(DATA FOR THIS EXERCISE)
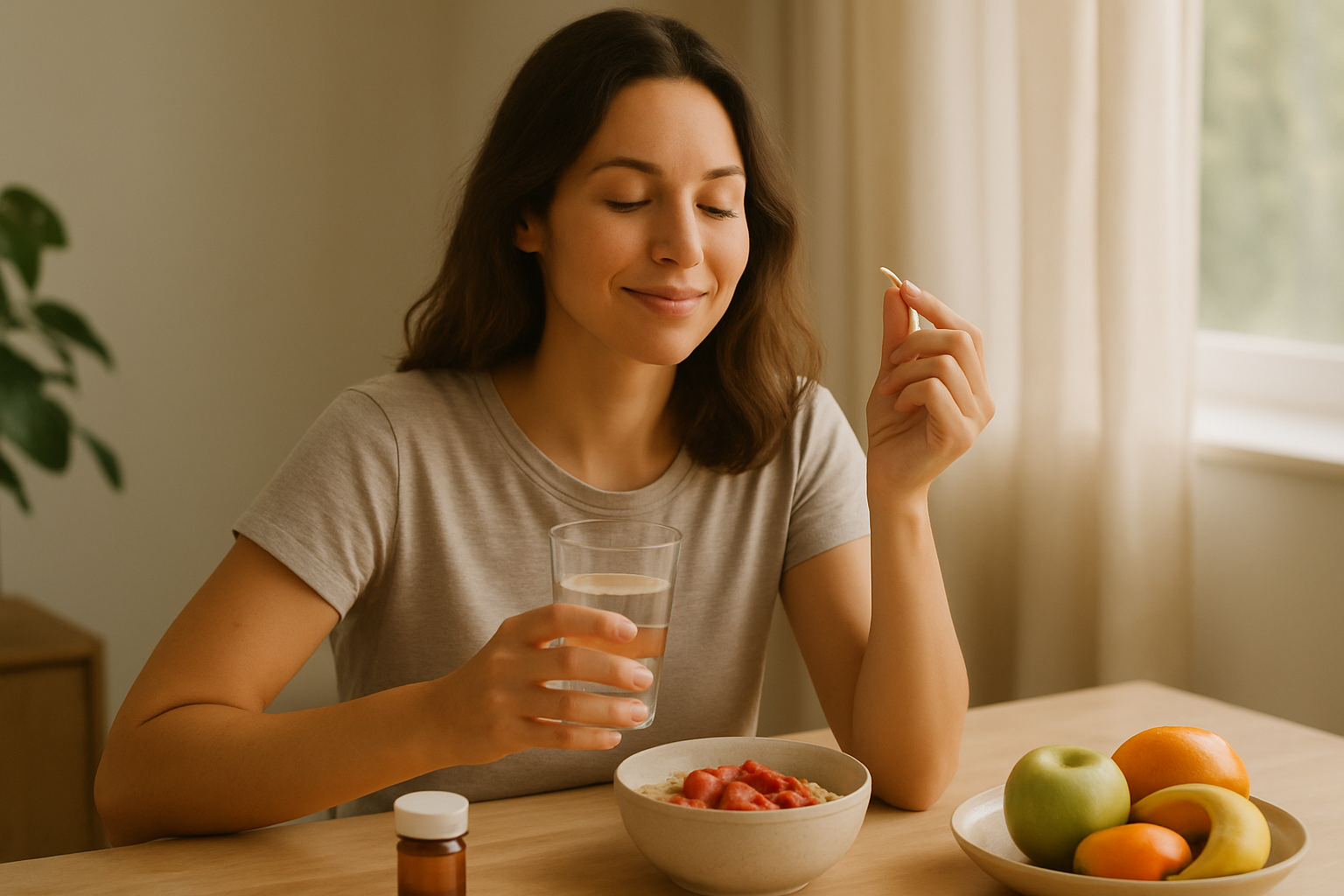 Featured image for: Practical Health Tips for Immunotec Distributors and Wellness Seekers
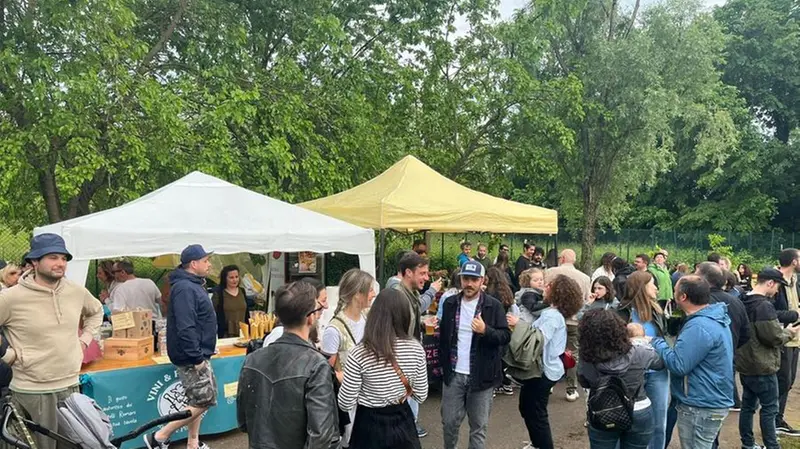 La prima edizione di «Music Fess» a Castenedolo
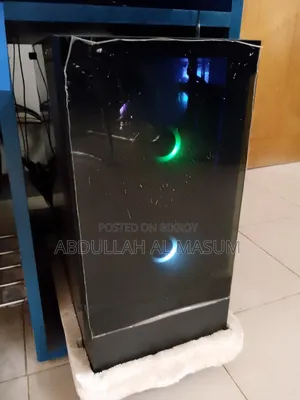 Desktop Computer 8GB Intel Core i7 HDD+SSD 2TB
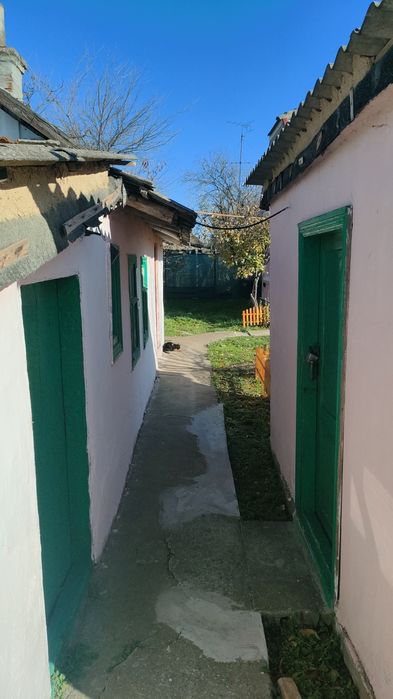 Дом район Автопарка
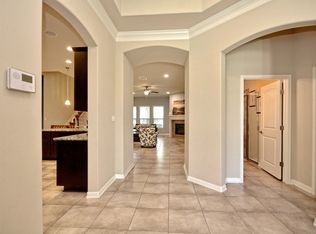 4005 Gandara Bnd, Austin, TX 78738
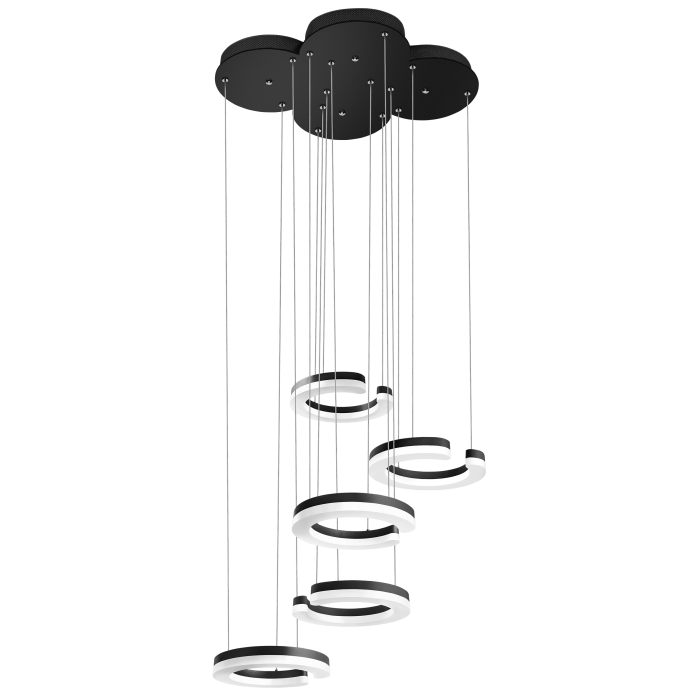 Детская люстра Unitario LIGHTSTAR 763437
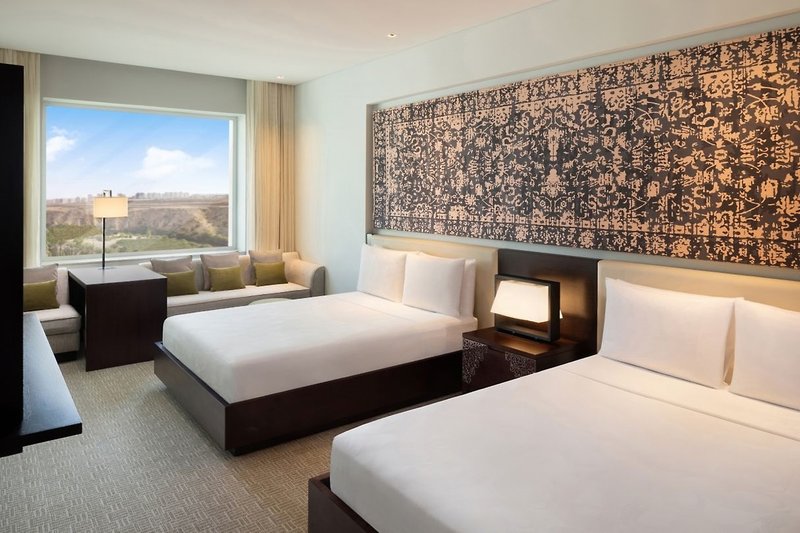 JW Marriott Muscat 19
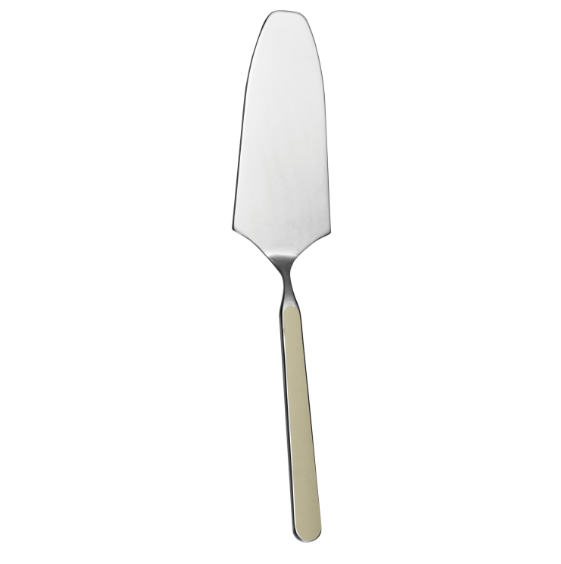 Turtle Dove Fantasia Cake Server By Mepra (Pack of 12) 10T61116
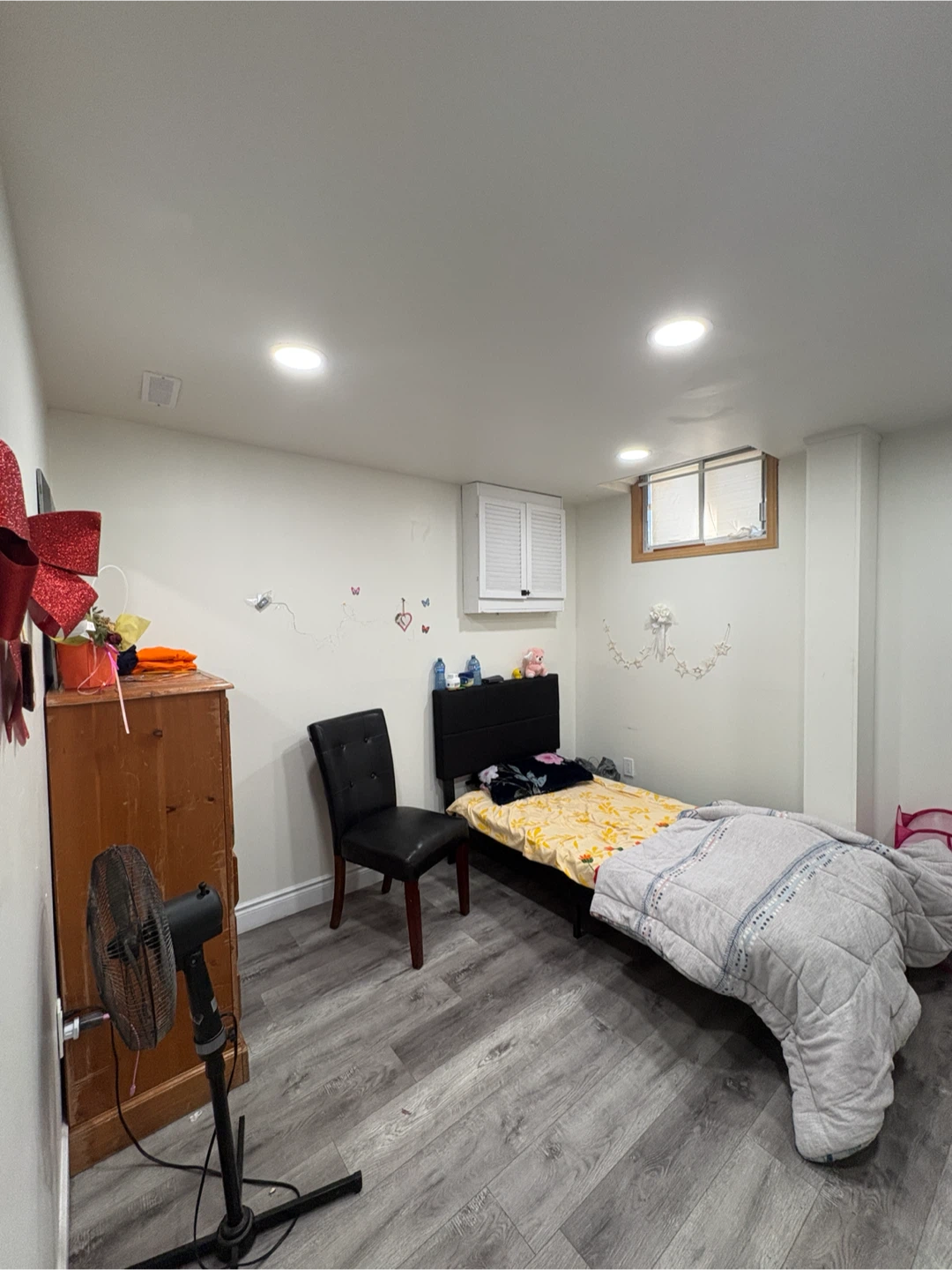 Private bedroom available for rent - photo 2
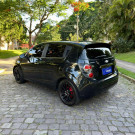 GM - Chevrolet SONIC HB LTZ 1.6 16V FlexPower 5p Aut. 2012 Flex-13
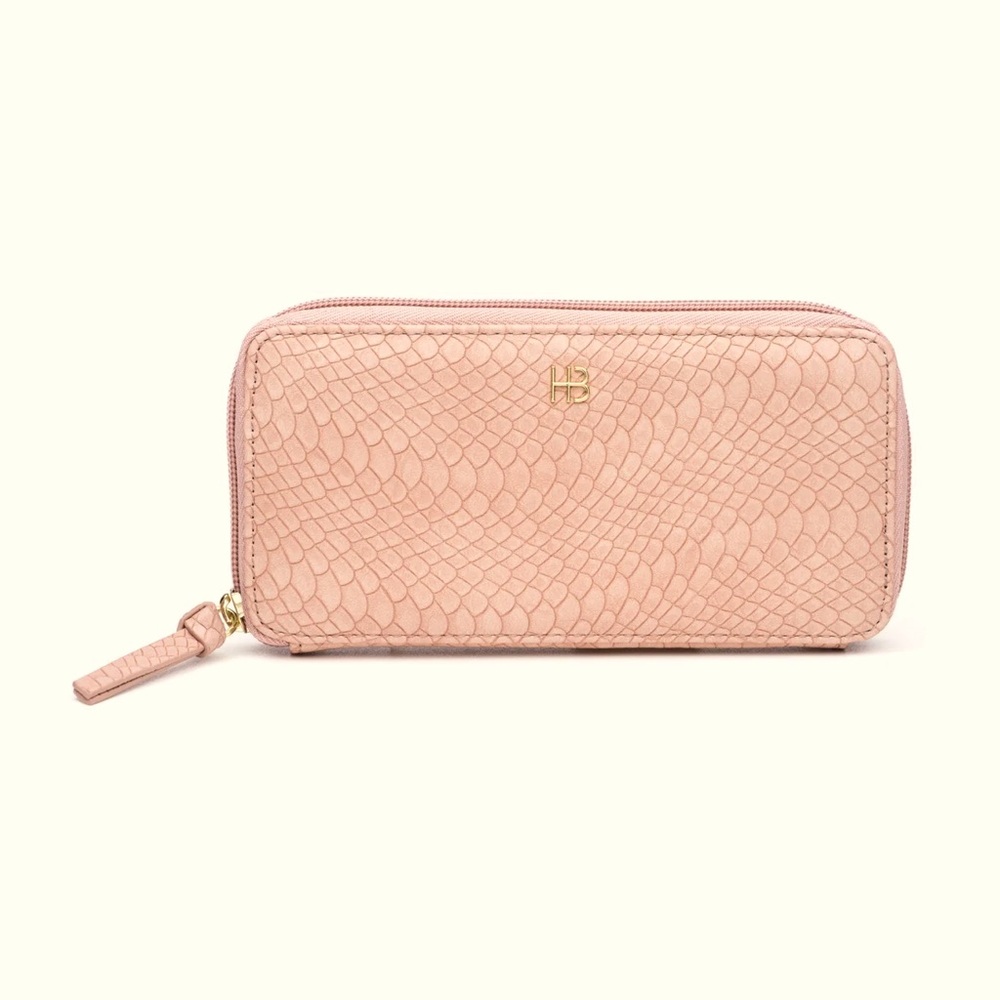NEW Hudson + Bleeker | Bonjour Smartphone Wallet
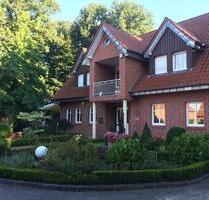 EG Wohnung in traumhaft schöne Lage im Außenbereich von Stadtlohn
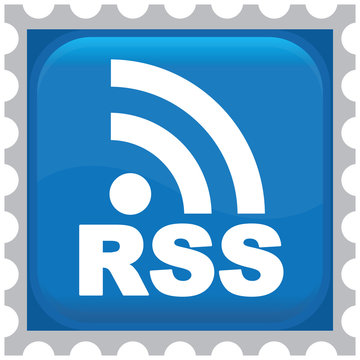 rss icon
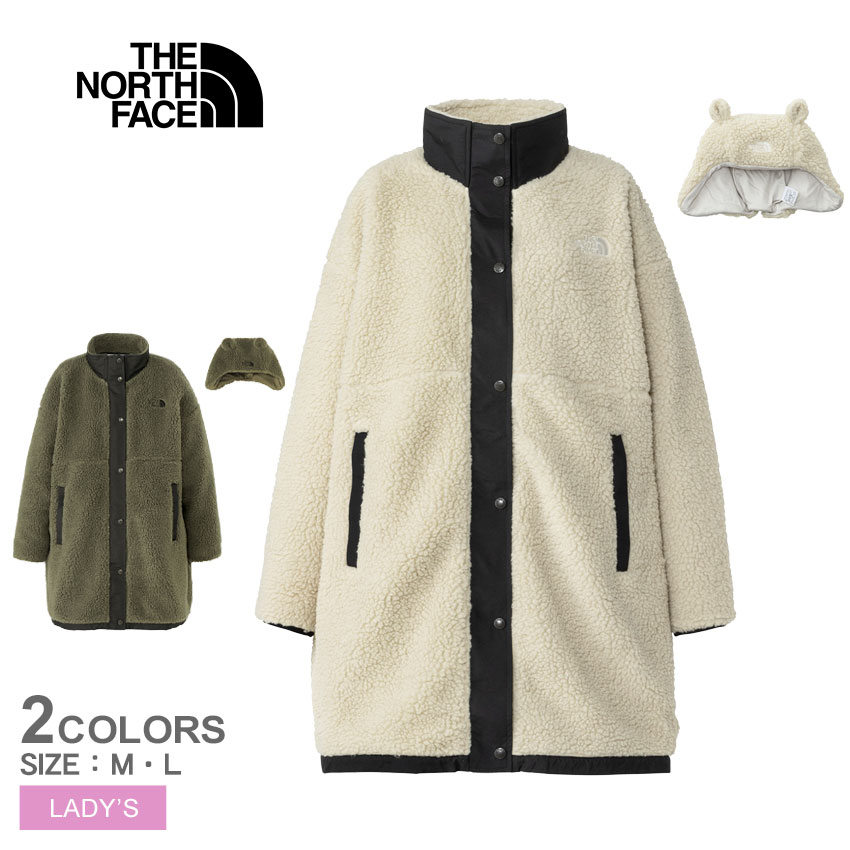 THE NORTH FACE（ザ ノースフェイス） フリースジャケット ベビー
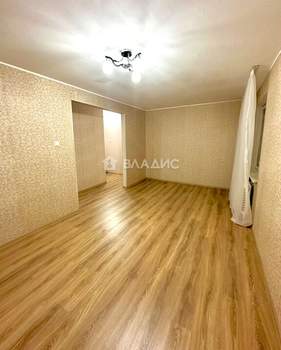 1-к квартира, вторичка, 30м2, 1/5 этаж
(End DATA FOR THIS EXERCISE)
▸ **WHAT THE EXERCISE ASKS**
Give the entries again exactly, but skip every image.

▸ **RESULT OF THIS EXERCISE**
 Featured image for: Practical Health Tips for Immunotec Distributors and Wellness Seekers
 La prima edizione di «Music Fess» a Castenedolo
 Desktop Computer 8GB Intel Core i7 HDD+SSD 2TB
 Дом район Автопарка
 4005 Gandara Bnd, Austin, TX 78738
 Детская люстра Unitario LIGHTSTAR 763437
 JW Marriott Muscat 19
 Turtle Dove Fantasia Cake Server By Mepra (Pack of 12) 10T61116
 Private bedroom available for rent - photo 2
 GM - Chevrolet SONIC HB LTZ 1.6 16V FlexPower 5p Aut. 2012 Flex-13
NEW Hudson + Bleeker | Bonjour Smartphone Wallet
 EG Wohnung in traumhaft schöne Lage im Außenbereich von Stadtlohn
 rss icon
 THE NORTH FACE（ザ ノースフェイス） フリースジャケット ベビー
 1-к квартира, вторичка, 30м2, 1/5 этаж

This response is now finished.